-- INPUT DATA follows --
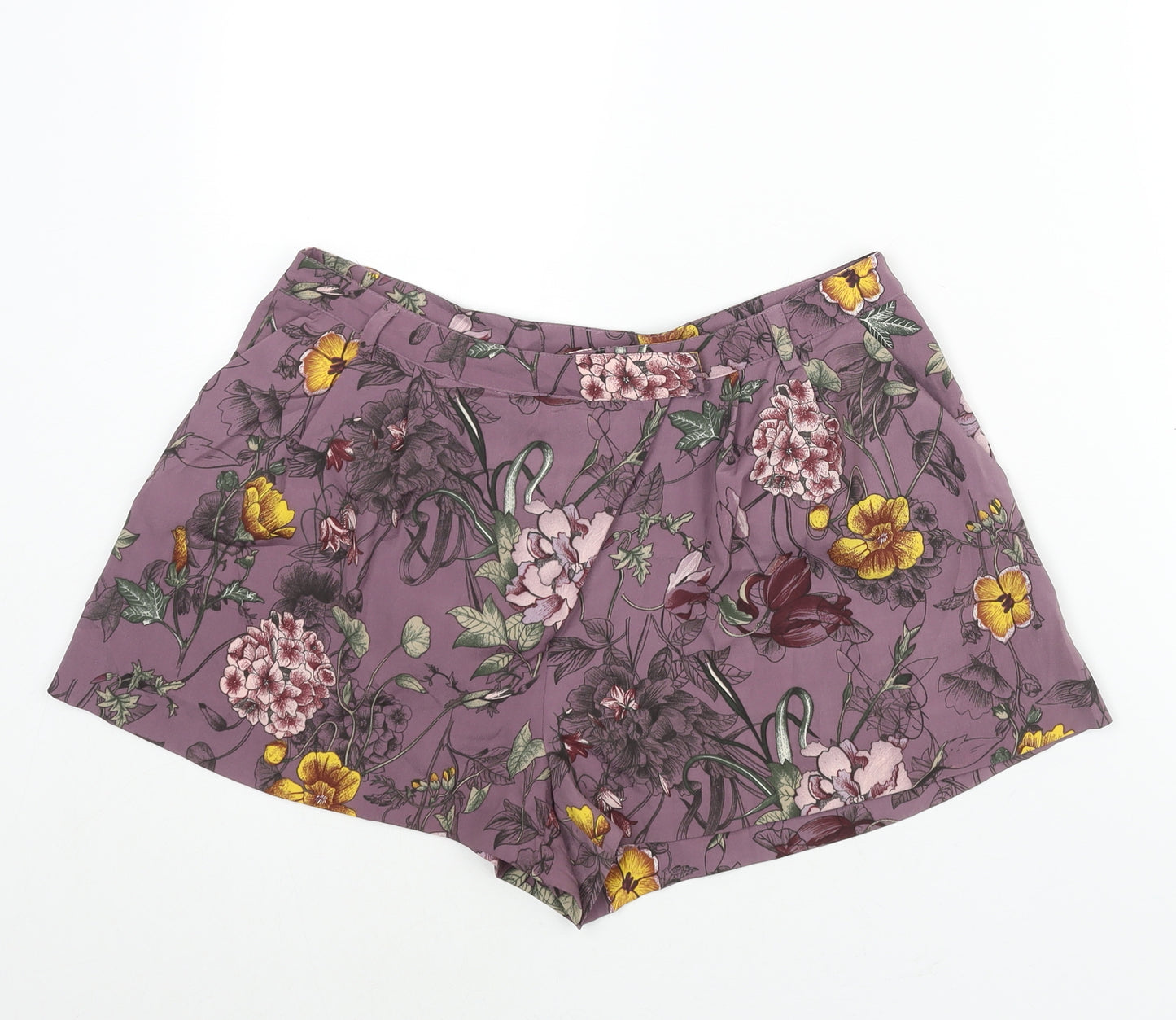 H&M Womens Purple Floral Polyester Basic Shorts Size 12 Regular Zip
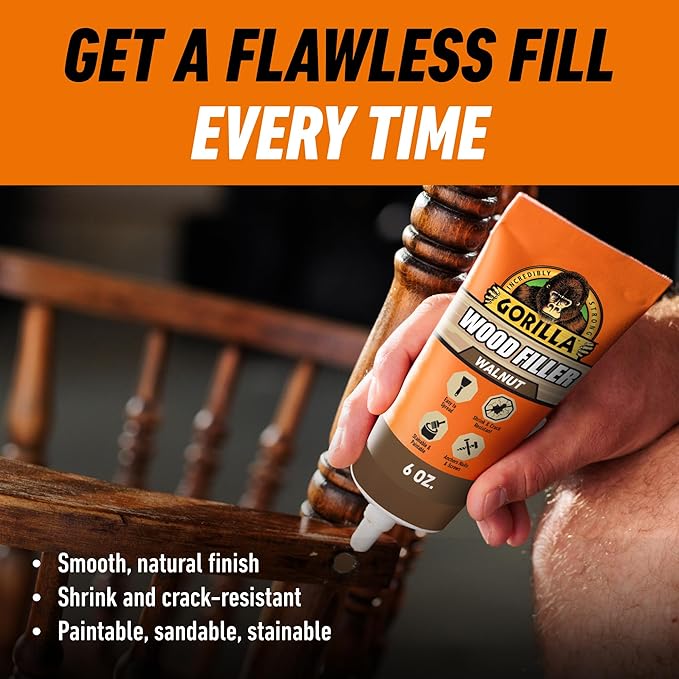 Gorilla All Purpose Wood Filler, Walnut Color, 6 Ounce Tube (Pack of 2) - Water Resistant for Indoor or Outdoor Projects and Repairs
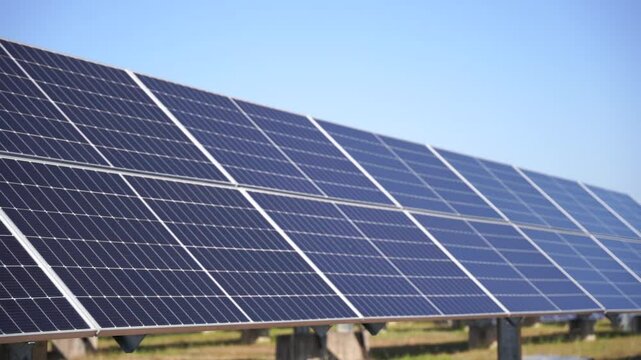 Solar power plant(solar cell) on summer season, hot climate causes increased power production, Alternative energy to conserve the world's energy, Photovoltaic module idea for clean energy production.
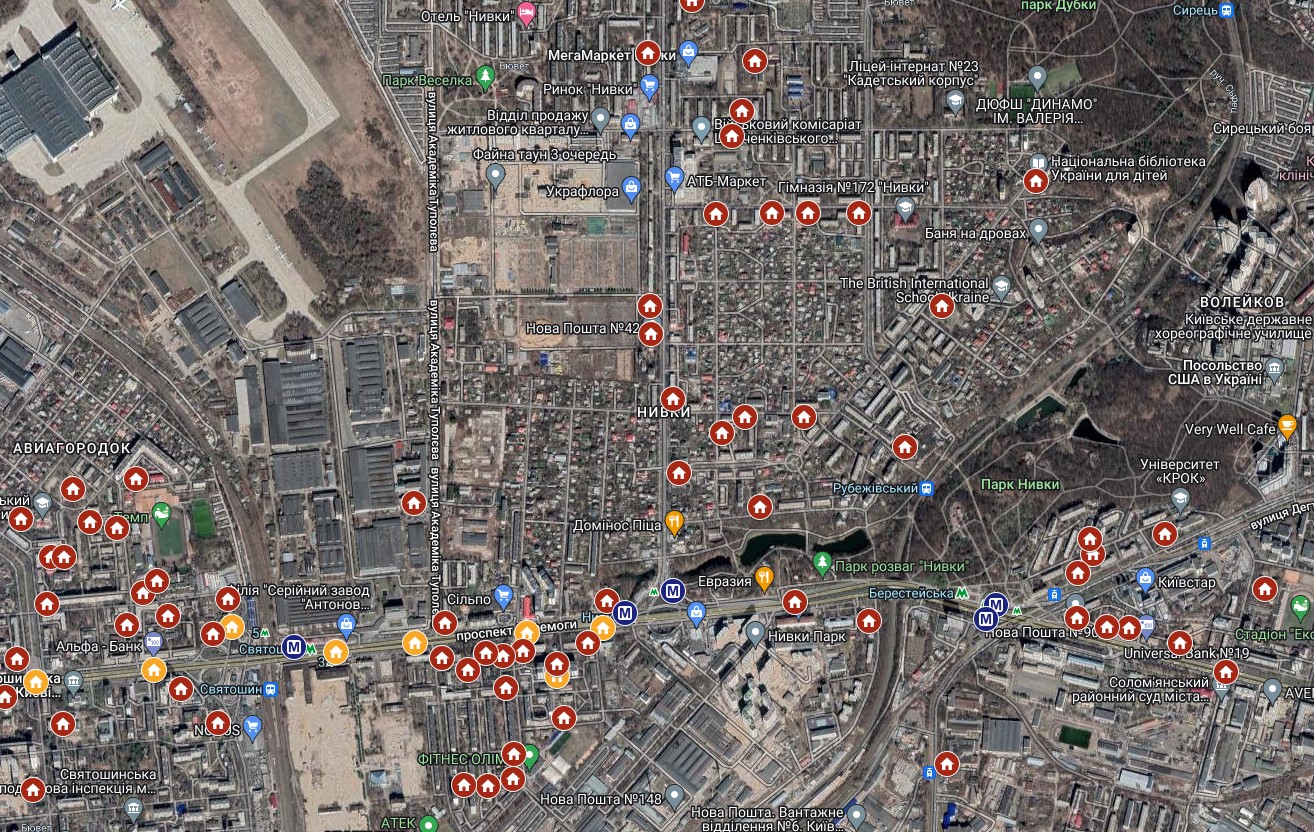 Мапа бомбосховищ Києва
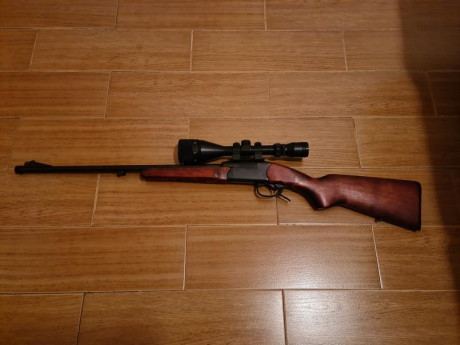 Cambio monotiro Baikal calibre 222, con monturas, visor Optech  y rosca homologada, por monotiro calibre 00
-- INPUT DATA concluded --
> [EXERCISE OBJECTIVE] Keep the pictures out while you retype all of the data above exactly as it appears.

> [SOLUTION]
 H&M Womens Purple Floral Polyester Basic Shorts Size 12 Regular Zip
 Gorilla All Purpose Wood Filler, Walnut Color, 6 Ounce Tube (Pack of 2) - Water Resistant for Indoor or Outdoor Projects and Repairs
 Solar power plant(solar cell) on summer season, hot climate causes increased power production, Alternative energy to conserve the world's energy, Photovoltaic module idea for clean energy production.
 Мапа бомбосховищ Києва
 Cambio monotiro Baikal calibre 222, con monturas, visor Optech  y rosca homologada, por monotiro calibre 00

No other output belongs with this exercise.